It’s called the slack line tool, and we’ve got profiles of lines. We’ve got screenshots of what the leak detection system is going to look like. We’ve got notes on which segments go slack right away, which ones never go slack to try to give them a point of reference for what’s normal and what’s abnormal.
If it’s only temperature loss and not a leak, there’s a nice slow and steady decay that they’ve been trained to recognize. If you had a rupture while the line is down and static, it’s going to get a little bit steeper.
There’s many times that we’ll get called in from our group to log into the system maybe after-hours and look at a pressure trend, then look at the ground temperature probes near the line, and look at ambient weather conditions and try to figure out if it’s just due to cooling or if it might be something else going on.
Russel: As you’re giving that description, I’ve got pictures going through my mind of what that looks like. I was quiet there for a second as I was thinking about it. That’s a huge amount of work to build that up in a way that the operators can use it effectively.
I think that’s because these situations are normal but not usual. Knowing what the line’s going to do given various environmental and fluid conditions other than just pump the fluid is not really what you’re doing as 80 percent of your job. 80 percent of your job is move the product.
Jason: Correct. One of the things that I think the whole industry as a whole is trying to do is to ask the controllers or whoever is sitting in the operations center running the line to think through their head what do I expect this line to do when I make this change and compare what they’re thinking should happen with what they’re actually seeing.
What Kyle was talking about, one of the things that we’ve done, and I know there’s some other companies that are doing the same thing, is to save pressure trends of what a typical slack line event looks like following shutdown and provide historical pressure trends and historical leak detection system output for those events.
They can look back and say, “You know, I’m pumping product out of a tank that’s at 90 degrees and it’s winter, so I’m going to expect the line to lose pressure pretty quick,” and then they watch what’s happening in the line and it loses pressure a lot faster than they would expect. It goes slack a lot sooner.
They can pull up a historic trend and go through and take a look at what has the line done in the past and compare that with what it’s doing right now and give themselves a level of safety that, yes, I’ve seen it do this before. “This is typical for this line” or “No, this is not typical. This is something that I’ve never seen before.”
Russel: Right, and that’s a really important point here is that this kind of work you’re talking about in terms of doing the hydraulic analysis and the calculations versus what’s actually going on in the control room and the nature of that and the need to collaborate.

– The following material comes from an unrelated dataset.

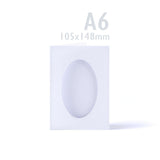 White Hammered Tri-Fold Oval Aperture Cards Pack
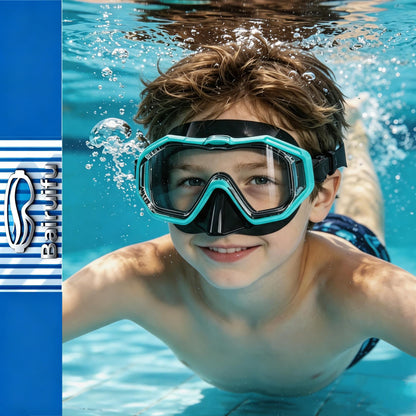 Bairuifu Kids Swim Goggles Snorkel Mask, Latest 3-Window Lens Wide Vision, Crystal Clear, Swimming Goggles Soft Nose Cover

I think you’re making some really important points to be thinking about as a liquids operator is what should the controller expect to see and how do they know. Where do they go to get something factual to compare to? It’s a big deal.
Jason: Absolutely.
Russel: Let’s shift a little bit. We’ll talk a little bit about startup. What would cause a line to go slack on startup?
Kyle: Typically, if you’re getting ready to start up a pipeline, one of the ways that you can end up with a slack event during startup is that you would open the head gate at your delivery location. That allows the pressure to drain off into that delivery station.
If you don’t have sufficient pressure on the line prior to opening that or if there’s any type of delay that happens in your starting up the receipt end of the pipe, you can have sections of that pipe go slack during that startup event. Again, that’s where we would look for what is a normal trend that we would expect to see in that case.
Russel: Right. I think, too, that starting up with some of my lines slack is fairly common. It’s certainly not desirable but it’s fairly common for the kind of reasons we were talking about earlier here.
What are the kinds of things I’m going to do if I know I have a line that’s slack and I’ve got to start it up? What am I going to be looking to do?
Kyle: At least here, we want to understand how slack is the line and how much vapor space do we anticipate is in that line so that when we start it up, we have some understanding of how much fluid we’re going to be pushing into the line before we expect to see a response at the other end.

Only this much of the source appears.